Eine Zeitlang hieß Manchester nicht Manchester, sondern Madchester. Das war um 1990, als aus einer Mischung aus Independent, Psychedelia und elektronischer Musik ein Stil entstand, der Rave genannt wurde – in Anlehnung an die meist illegalen Partys, die ab 1988 im Freien stattfanden. Bis Mitte der 80er dominierten in Manchester Bands wie The Smiths und New Order. Als in der Haçienda, dem Club, der auch vom Label Factory Records finanziert wurde, um 1987 House aus Chicago lief und die Droge Ecstasy populär wurde, veränderte sich auch die Musik. Bands wie die Happy Mondays oder The Stone Roses verbanden Dance-Rhythmen mit euphorischen Pianoloops und hypnotischen Gitarrenläufen. Wichtig war, nicht wie die Musik aus London zu klingen. Als 1997 die Haçienda schloss, war der nächste Hype schon längst am laufen: Britpop.

Top Ten Manchester von Heiko Hoffmann, Chefredakteur des Musikmagazins Groove
 und regelmäßiger Besucher in der Haçienda

1. Stone Roses: „Fool’s Gold“

Die Stone Roses verkörperten wie kaum eine andere Gruppe den Prototyp der Madchester-Szene: Indie-Bands, die plötzlich Dance-Musik machen. Wie in diesem Fall von 1989: Neun Minuten Wahwah-Gitarren-Irrsinn zum Groove-Loop.

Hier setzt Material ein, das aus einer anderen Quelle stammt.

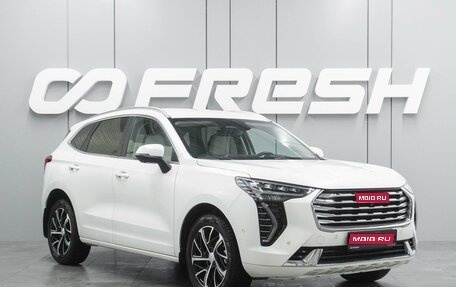 Haval Jolion, 2023 год, 2 034 000 рублей, 1 фотография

2. Happy Mondays: „Step On“

Wie auch schon Joy Division wurden die Happy Mondays von Tony Wilson für sein Label Factory Records entdeckt. In seinem Club Haçienda waren die Happy Mondays quasi die Hausband. In ihrem Hit „Step On“ – einer Coverversion von John Kongos – kombinierten sie mit Hilfe des DJ-Produzenten Paul Oakenfold Funk, Psychedelia, Gitarren-Rock und Dance-Beats. Eine Zeitlang wurde dieser Stilmix, in Anspielung an den Kleidungsstil der Szene, auch baggy genannt.

3. My Bloody Valentine: „Soon“ (Andy Weatherall Remix)

Mit der Madchester-Szene hatte My Bloody Valentine zwar nichts zu schaffen: Aber dieser Remix von Andy Weatherall wurde zu einem der größten Clubhits der Szene – er sampelt übrigens Westbams „Alarm Clock“ aus demselben Jahr: 1990.

4. The Farm: „Stepping Stone“ (Terry Farley Remix)

Auch bei diesem Song stellte der Remix das Original in den Schatten. Verantwortlich dafür war Terry Farley, der mit Andy Weatherall auch das Fanzine und Label Boy’s Own betrieb. Und wieder wurde dafür ein Dance-Hit aus Deutschland gesampelt: „The Power“ von Snap.

5. Northside: „Shall We Take A Trip“

Viele der erfolgreichsten Madchester-Songs stammten von sogenannten One-Hit-Wonders wie den Mock Turtles, Soup Dragons oder eben North Side. Die Verherrlichung eines LSD-Trips brachte „Shall We Take A Trip“ auf den Index der BBC.

6. The Charlatans: „The Only One I Know“

Dieser größte Hit der Charlatans basiert auf einem Orgelmotiv von Deep Purples „Hush“. Und es existiert auch eine gemeinsame Coverversion von Robbie Williams und Mark Ronson von „The Only One I Know“.

7. Inspiral Carpets: „This Is How It Feels“

„This Is How It Feels“ war 1990 erste Charts-Hit für die Inspiral Carpets. Damals arbeitete noch Noel Gallagher – später Oasis – als Roadie bei der Band aus Manchester.

8. James: „Sit Down“

Eine Zeitlang waren James mindestens so bekannt für ihre T-Shirts mit Blumenmotiven wie für ihre Musik. Das änderte sich mit „Sit Down“, das nur knapp Platz eins der britischen Charts verfehlte.

9. Paris Angels: „Perfume“

Diese siebenköpfige Gruppe aus Greater Manchester um Sängerin Jane Gill veröffentlichte nur ein Album. Darauf zu hören auch dieser schöne Snythie-Pop-Hit „Perfume“.

10. Flowered Up: „Weekender“

1992 war die Zeit der Madchester-Szene eigentlich fast schon vorbei, und Britpop stand vor der Tür. Flowered Up aus London vertonten auf dieser 13 Minuten langen Single ein Ecstasy-angereichertes Wochenende der 48-Hour-Party-People.